The foregoing statement is based, in the main, on the findings of fact by the trial court. It appears from the findings that Frommeyer had paid out $285 for the benefit of Mrs. Creghan and with her consent, before she died. He also paid, after her death, the expenses of her last illness and funeral, amounting to $335. The trial court allowed him credit for the $285 paid during her life, but refused to allow credit for the payments made after her death. According to these rulings Frommeyer has in his hands to be accounted for to the administrator of Mrs. Creghan’s estate, the sum of $1625, which he had received from her, less $285, disbursed with her consent; that is to say, a balance of $1,340. Judgment was entered against him for said sum with interest thereon from date of Mrs. Creghan’s death; or an aggregate of $2,244.50. The court adjudged that Frank Frommeyer was responsible for none of the articles of personal property which the deceased owned at her death.

This action was instituted against both Frank Frommeyer and his wife, Mary, but after the evidence had been taken the cause was’ dismissed as to the wife.

The original petition was in the nature of a bill of discovery, a remedy which is obsolete under our system of practice. The amended petition sounded in tort, and as it alleged the wrongful conversion by the defendants Frank and Mary Frommeyer of the money and property [224]*224of the deceased, and prayed damages for the tort, it was a complete departure; or rather the first statement of a cause of action; for the original petition stated none at all. The defendants joined issue on the amended petition by answering. It is true that afterwards a motion to strike out the petition was filed; but defendants’ answer was still in, nor was leave asked to withdraw it. We are of the opinion that the judgment ought not to be reversed because' the motion to strike out was overruled. [Matthews v. Perdue, 79 Mo. 149.]

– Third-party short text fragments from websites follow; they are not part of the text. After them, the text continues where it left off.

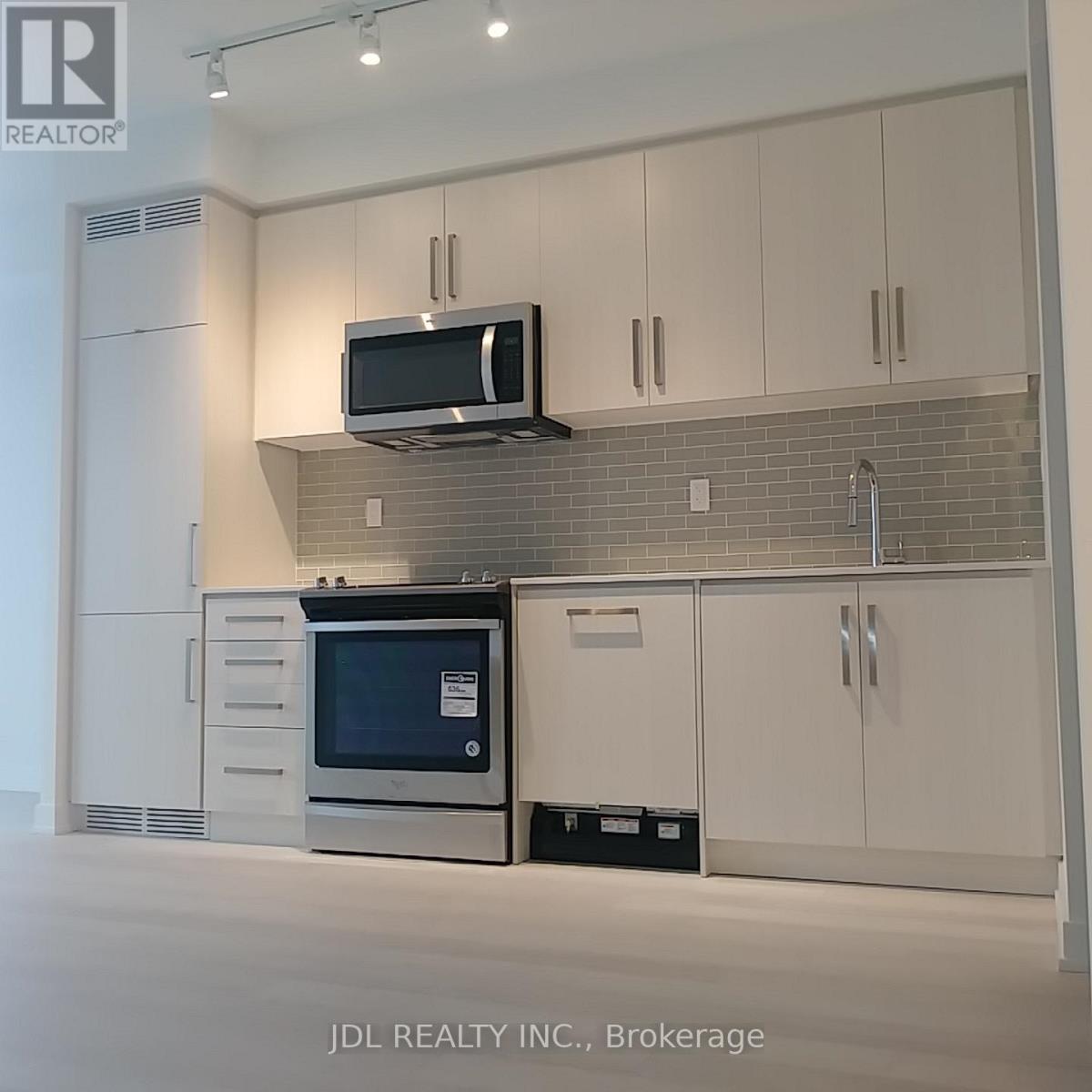 #2112 5180 YONGE STREET - 10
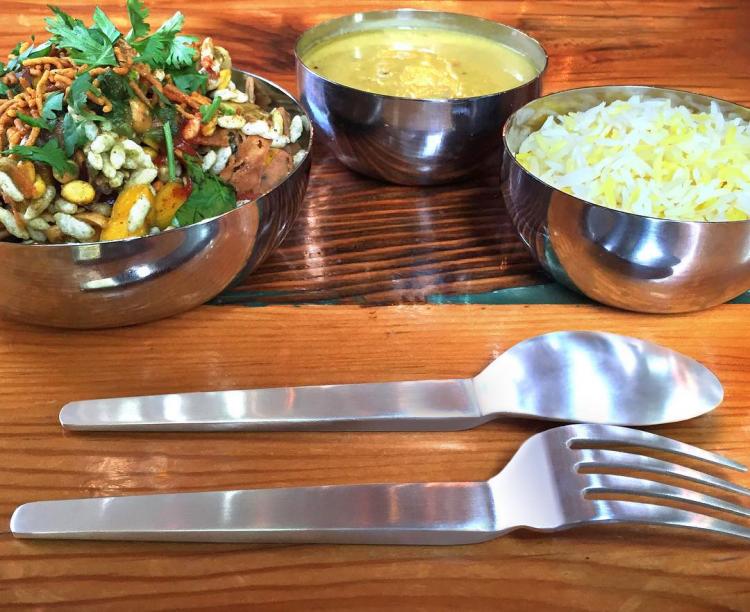 Cantilever Flatware - Don't Touch The Surface of Table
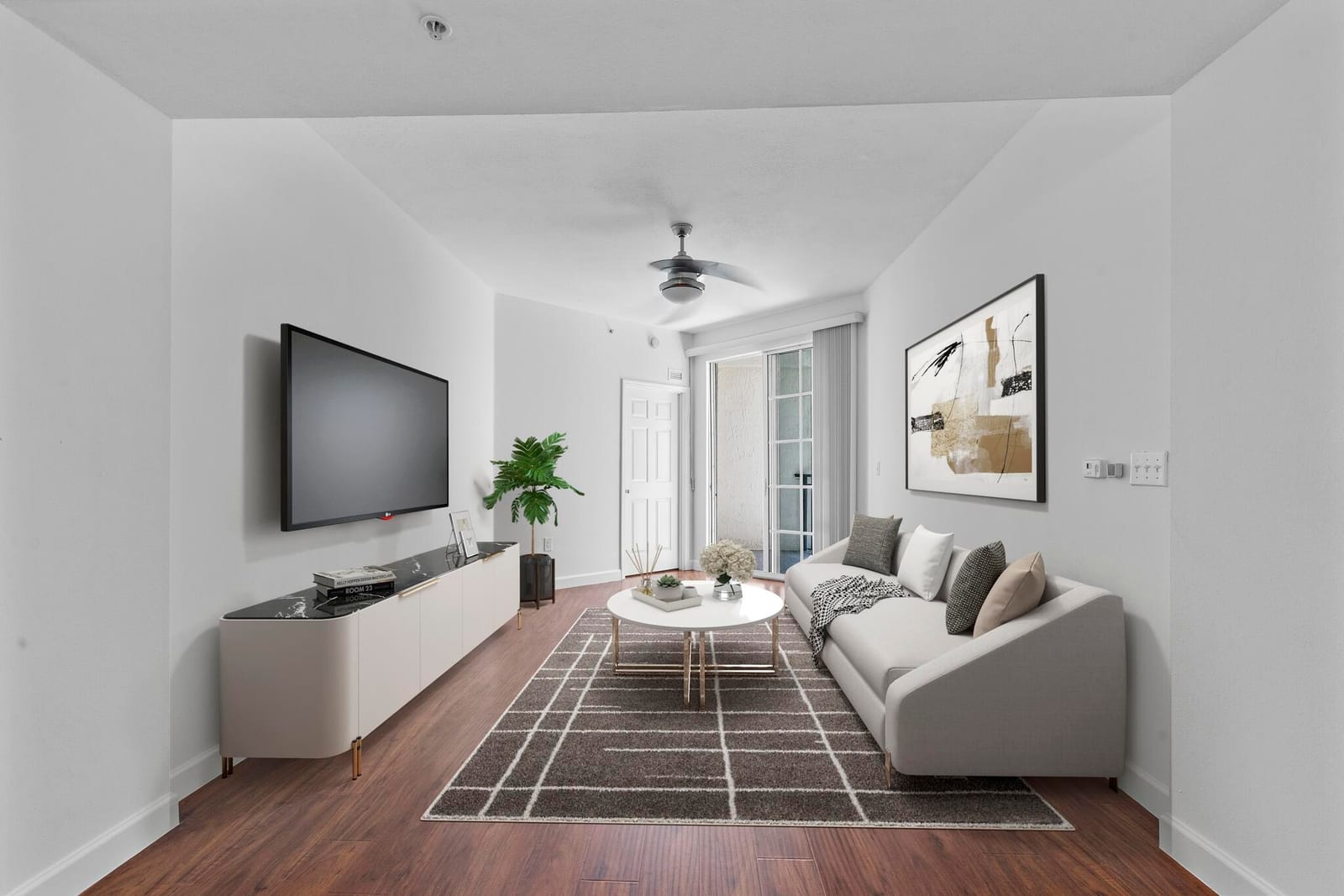 533 NE 3rd Avenue 425 — photo 4
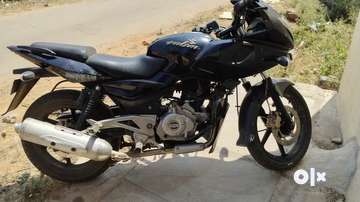 Pulsar discount 220 cc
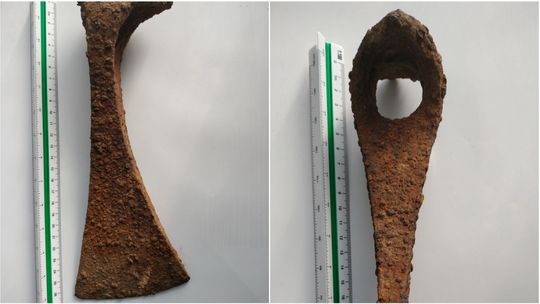 Niezwykłe znalezisko na Lubelszczyźnie. Z Bugu wyłowiono topór z wczesnego średniowiecza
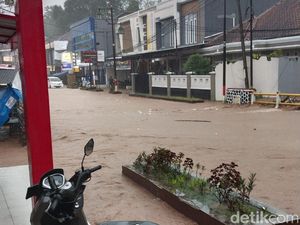 Banjir Bandang di Sukanagara Cianjur, Ratusan Rumah Terendam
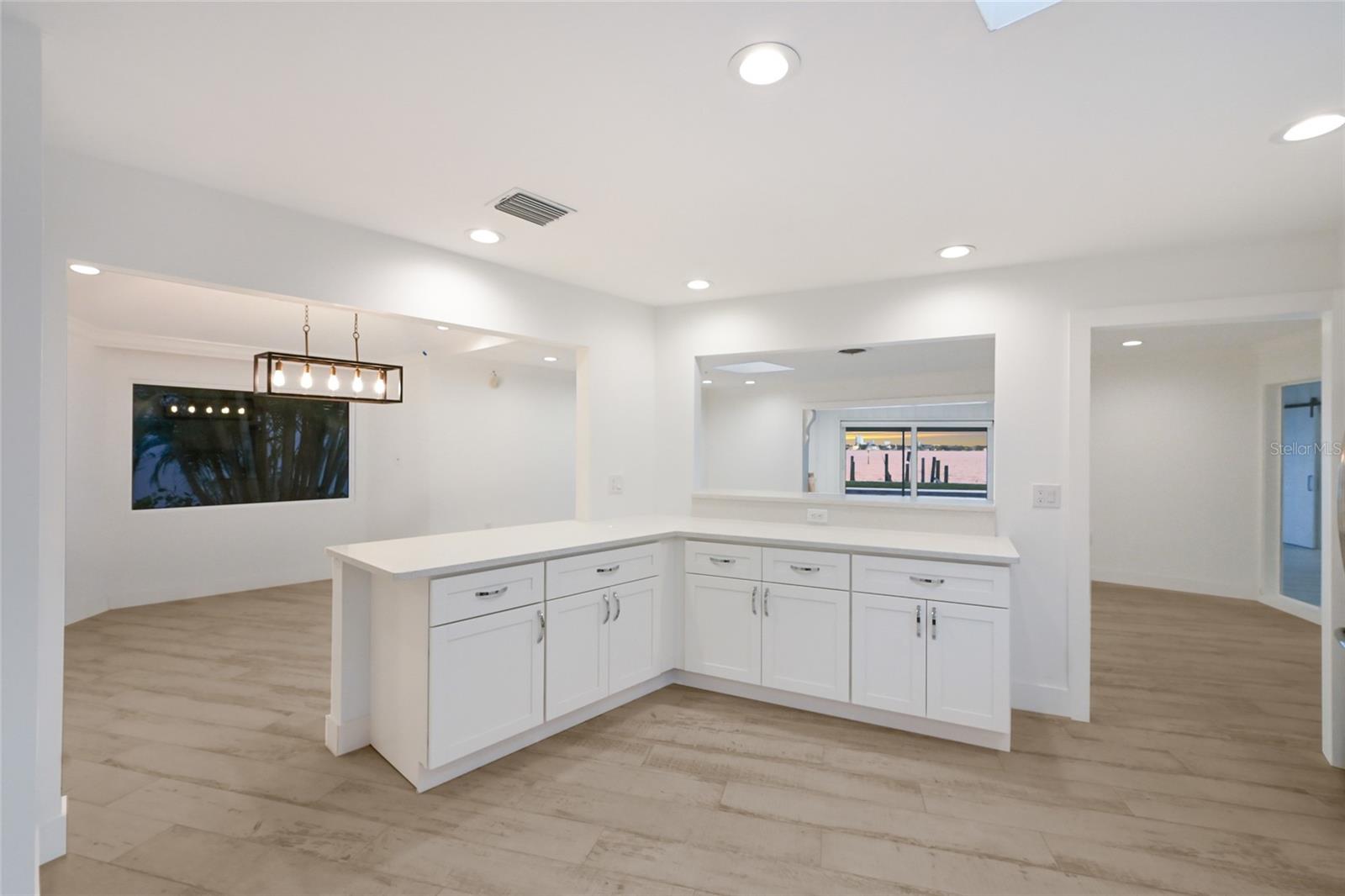 BAY ISLAND - Residential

The answer contained a general denial, a plea of misjoinder of parties defendant, that the two defendants were man and wife, and Mary Frommeyer, under the facts set forth in the amended petition, was entitled to judgment, and also a plea of the statute of limitation; that is to say, the five-year statute.

Plaintiff called to the witness stand both Frommeyer and his wife, and all the material testimony in the case was given by them. Against the objection of defendant Frank Frommeyer, his wife was permitted to testify to conversations between them and was practically turned into a witness against him. When an objection was made to this testimony, the court reversed its ruling; but subsequently overruled the objection and defendant Frommeyer saved an exception. Plaintiff made the defendants witnesses by virtue of the statute allowing a party to a civil action to compel an adverse party to testify as a witness under the rules applicable to a cross-examination. [R. S. 1899, sec. 4654.] While Mrs. Frommeyer was a defendant, plaintiff could avail himself of that statute; but her testimony was competent only against herself and not against' her husband. [R. S. 1899, sec. 4656.] There is no showing that she was her husband’s agent in dealings with the deceased, or of any other fact which made her a competent witness against him. Such statements of hers as tended to establish liability on his part and nothing more, were inadmissible; and this was especially true of private [225]*225conversations between the two. In truth, retaining Mrs. Frommeyer as a party until the evidence was in, thereby making it possible to use her as a witness against her husband, was unfair.

Though Frommeyer was called to the stand by the plaintiff’s attorney, his own attorney was denied, practically, the right to cross-examine him in a way which would elicit anything to his advantage. The examination appears to have been conducted on the theory that plaintiff was entitled to make Frommeyer a witness for the purpose of compelling him to testify to transactions and conversations with the deceased so far as what he related was prejudicial to his case, and close his mouth regarding all matters which would be to his advantage. Where a party makes a witness of his adversary, who otherwise would be incompetent because the matter in controversy related to transactions between him and a deceased party, he becomes qualified to testify as fully as any other competent witness. [Borgess Inv. Co. v. Vette, 142 Mo. 560; 44 S. W. 754; Tomlinson v. Ellison, 104 Mo. 105; 16 S. W.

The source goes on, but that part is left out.